I decided to take her to City Park in New Orleans. I needed to get out of this city, and they allow dogs in City Park. We walked around for about an hour in the sunshine, and I noticed all of the dog owners out enjoying the day with their canine companions. A German Shepherd played frisbee with his young male owner. A black lab raced across a meadow in pursuit of a ball. Another black lab was being coerced into a boat by his owners. He was more interested in swimming than in getting in that boat. A couple of those tiny greyhounds sat by their owner as he listened to some live jazz at Morning Call. It seemed like it was dogs’ day at City Park. In the middle of it all, my friend Beth texted me and asked if I really was wanting to get rid of Ashok. I told her I thought I’d changed my mind. She lives in my neighborhood and is about to embark on her own new journey in life. She and her daughter offered to keep Ashok any time I wanted and for as long as I wanted. They want some ‘without sadness’ in their life right now, too. (Ashok means ‘without sadness’ in Sanskrit). It’s a perfect solution for those times when I need to go somewhere. I realized the Universe was showing up ….. and maybe showing off a bit, too.

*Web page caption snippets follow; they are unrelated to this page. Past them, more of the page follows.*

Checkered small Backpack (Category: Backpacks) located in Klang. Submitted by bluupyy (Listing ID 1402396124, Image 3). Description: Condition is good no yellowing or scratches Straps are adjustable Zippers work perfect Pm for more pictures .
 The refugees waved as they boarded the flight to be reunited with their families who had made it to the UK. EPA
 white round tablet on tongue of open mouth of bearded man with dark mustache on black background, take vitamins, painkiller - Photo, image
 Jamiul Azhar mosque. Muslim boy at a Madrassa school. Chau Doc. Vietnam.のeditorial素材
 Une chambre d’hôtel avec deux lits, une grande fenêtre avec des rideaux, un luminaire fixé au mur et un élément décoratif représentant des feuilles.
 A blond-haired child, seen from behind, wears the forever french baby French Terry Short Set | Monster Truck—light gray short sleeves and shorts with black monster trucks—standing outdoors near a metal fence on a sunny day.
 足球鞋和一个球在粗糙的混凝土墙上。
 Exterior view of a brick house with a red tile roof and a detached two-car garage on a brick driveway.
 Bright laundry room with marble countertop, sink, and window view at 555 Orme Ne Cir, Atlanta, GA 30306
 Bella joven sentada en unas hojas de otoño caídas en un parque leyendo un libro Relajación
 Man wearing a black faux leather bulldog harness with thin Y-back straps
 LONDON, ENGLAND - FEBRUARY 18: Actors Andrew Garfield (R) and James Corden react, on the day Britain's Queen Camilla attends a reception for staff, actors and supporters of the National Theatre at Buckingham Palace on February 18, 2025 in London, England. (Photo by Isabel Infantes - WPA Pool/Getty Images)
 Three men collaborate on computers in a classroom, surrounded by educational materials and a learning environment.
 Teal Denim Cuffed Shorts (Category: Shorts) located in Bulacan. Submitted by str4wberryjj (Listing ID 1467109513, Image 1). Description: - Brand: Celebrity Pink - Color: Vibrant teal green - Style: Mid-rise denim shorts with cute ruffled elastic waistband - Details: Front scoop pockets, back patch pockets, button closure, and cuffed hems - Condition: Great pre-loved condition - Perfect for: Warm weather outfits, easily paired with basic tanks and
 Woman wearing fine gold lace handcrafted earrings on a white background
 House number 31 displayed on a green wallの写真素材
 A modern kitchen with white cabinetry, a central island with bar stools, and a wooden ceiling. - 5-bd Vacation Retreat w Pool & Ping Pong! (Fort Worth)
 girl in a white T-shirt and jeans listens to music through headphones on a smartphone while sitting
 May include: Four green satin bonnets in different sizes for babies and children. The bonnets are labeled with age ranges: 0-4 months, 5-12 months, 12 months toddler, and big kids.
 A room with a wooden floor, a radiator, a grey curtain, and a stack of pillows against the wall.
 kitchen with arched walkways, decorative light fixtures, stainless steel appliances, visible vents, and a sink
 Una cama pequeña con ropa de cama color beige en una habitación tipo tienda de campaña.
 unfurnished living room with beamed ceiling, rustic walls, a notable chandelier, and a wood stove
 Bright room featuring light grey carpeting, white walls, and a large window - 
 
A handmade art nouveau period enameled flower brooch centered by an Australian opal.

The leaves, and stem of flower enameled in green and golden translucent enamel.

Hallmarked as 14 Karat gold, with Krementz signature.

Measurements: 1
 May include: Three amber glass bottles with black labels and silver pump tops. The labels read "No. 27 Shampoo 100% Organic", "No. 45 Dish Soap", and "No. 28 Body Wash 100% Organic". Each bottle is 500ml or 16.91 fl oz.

I called my friend Nancy in Tennessee who is in a prolonged battle with cancer right now. She had read my blog, too, but we had a great conversation about some things she was learning about her own life battles right now. I am always astounded at how God speaks through others in order to tell me something, and today her words were verbatim what I needed to hear. Last week was the first time in awhile that I’ve had depression. This week I’ve been trying to reframe my struggles of the last 6 months by proclaiming that I’m creating a new life here. I’ve been trying to accept that it will be very different, and I need to let the old one go. Prayer, meditation and affirmations have been focused on my getting this situation reframed. Nancy helped me define that this is Truth, and this is where I need to be living right now in my heart.
The depression of last week and the emotional reaction I had about Ashok this morning were grief about the life I left in Memphis. I’ve been through the denial that it’s over, the bargaining to get it back, the anger at having it taken away and now the sadness that I won’t have it any more. It’s classic grief. I imagine I will continue for awhile longer, but maybe today – and my girl – helped me get some insight that I desperately needed. My former life is over. I am starting a new chapter. I don’t know what that chapter will look like. I’m in that in-between place that makes me so uncomfortable. But I’m trying to be open.
Michigan Nancy texted me to check on me this evening. I told her I thought God was explaining some things to me today. I told her about my cubicle/Ashok analogy.
Nancy: Ah. Good Analogy.
Me: She’s much more patient
Nancy: Dog = God. Mirror image sometimes.
Me: LOL. True. I wonder why he shit on my floor this morning
Nancy: Got your attention for sure.
Me: Well I almost threw his ass out.
I was meditating tonight, and I heard a poot emanate from diarrhea girl’s butt. “Perfect,” I thought. And then focused on my breath. For the first time in a long time, I couldn’t wait to write.